If you’re not too concerned about memory usage (which I definitely wasn’t), you can also use a hash/associative array/(I think that’s a “dictionary” in python) to avoid iteratively testing every entry, and just check whether the relevant entry exists or not. My perl answer using a hash runs in about two seconds. :sunglasses:

Or you could sort the array and do a binary search to limit the tests, but that seems like a lot more work than it’s worth.

3 Likes

No, no, no. You’re doing random inserts. If you want it sorted, you want a linked list or a binary tree (I’d lead towards a doubly-linked list, as you tend to be bouncing back-and-forth within a range of about 500 values before moving on).

2 Likes

See, though, if you have a language that doesn’t make it too difficult/expensive to insert into the middle of an array, doing the search for whether the value is in the array automatically gives you the insertion position to keep the array sorted and minimize the time of a binary search. Granted, you could do the same with a linked list, but the essence of what you’re doing is still similar.

Still easier to use a hash or similar construct, though. It’s sorta abusing their purpose, and if it weren’t a (relatively) limited number of small key values involved it might lead to a lot of memory usage, but…

1 Like

I’m running behind. Just finished Day 3. I found it incredibly frustrating, mostly because I kept screwing up my math and also I was having a hard time getting the kind of data structure I wanted in PowerShell. The really annoying thing is I knew exactly how I wanted to solve it pretty much from the beginning (since it’s a pretty typical “overlapping windows” type puzzle) but I just kept messing myself up and making dumb mistakes. But, I eventually figured it out. Once I got part 1 squared away, I was able to do part 2 in about 5 minutes.

Here’s my solution which incorporates both puzzles. I’m actually pretty pleased with how it turned out although the solution for #1 could be done in a more optimal manner. It was a pretty clever bit of shorthand I had never used before (thanks, SO).

Set-StrictMode -Version Latest
$input = '...' # Parse our input and extract the values we care about
$sr = [System.IO.StringReader]::new($input)
$map = [int[][]]::new(1001, 1001) # fabric map
$claimMap = [int[][]]::new(1001, 1001) # claim map (solution 2)
$overlaps = @{} # overlapping claims (solution 2)
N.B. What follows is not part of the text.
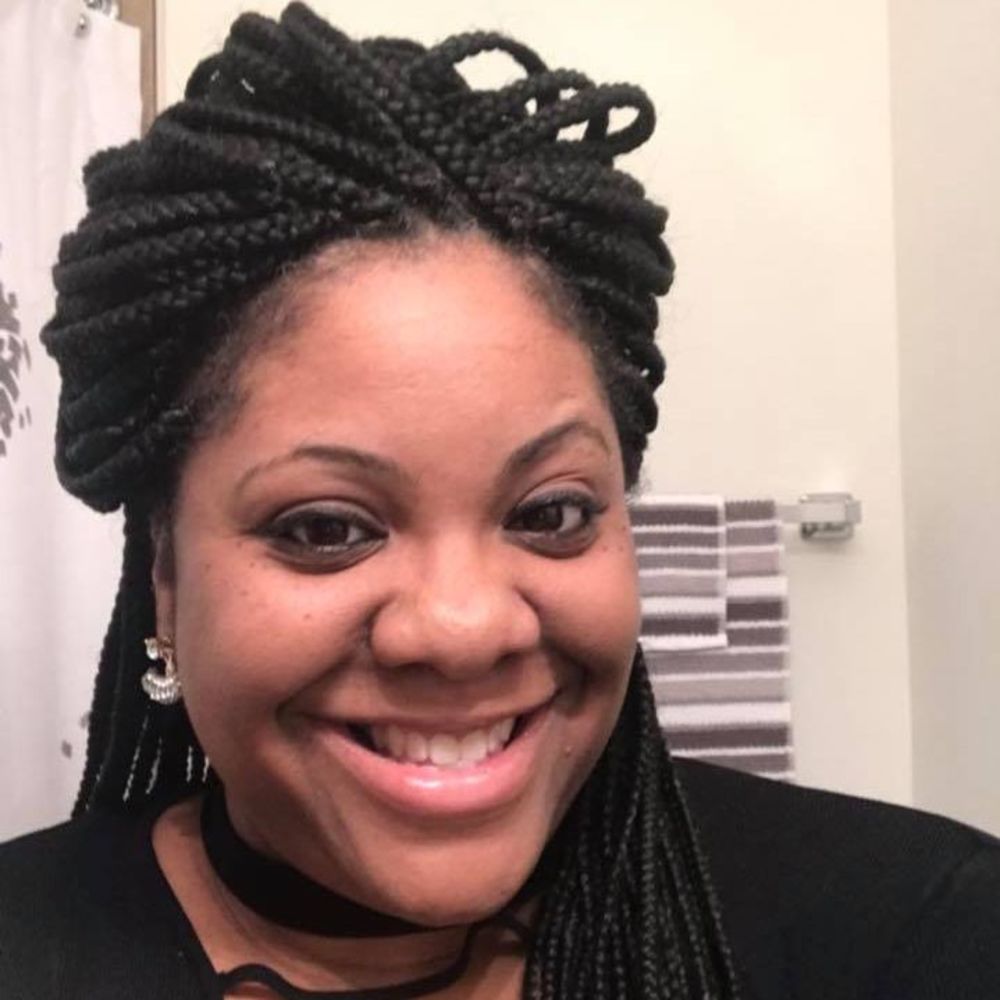 Meet your Posher, Claudia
while($null -ne ($v = $sr.ReadLine())) {
    # #1 @ 662,777: 18x27 == #<number> @ <left>,<top>: <height>x<width>
    $m = [regex]::Match($v, '^\#(\d+)\s+@\s+(\d+),(\d+):\s+(\d+)x(\d+)')
    $claim = [int]$m.Groups[1].Value
    $top = [int]$m.Groups[3].Value
    $left = [int]$m.Groups[2].Value
    $height = [int]$m.Groups[5].Value
    $width = [int]$m.Groups[4].Value

    Write-Verbose "$claim"
    $overlaps[$claim] = $false # initialize our claim for overlap checking (solution 2)
    for($x = $left; $x -lt $left + $width; $x++) {
        for($y = $top; $y -lt $top + $height; $y++) {
            $map[$x][$y] += 1 # increment our overlaps (solution 1)

            # Determine if the claim is already used or not (solution 2)
            if($claimMap[$x][$y] -gt 0) {
                $overlaps[$claimMap[$x][$y]] = $true
                $overlaps[$claim] = $true
            } else {
                $claimMap[$x][$y] = $claim
            }
        }
    }
}

Write-Host "Solution #1:" 
# This is some motherfucking sorcery here -- flatten the array and look for matches >= 2
((@($map | %{$_}) | where { $_ -ge 2 }) | measure).Count # solution 1

Write-Host "Solution #2:"
($overlaps.GetEnumerator() | where { $_.Value -eq $false }).Key # solution 2

Now on to day 4. Based on what others are saying it sounds like it’s going to be a doozie.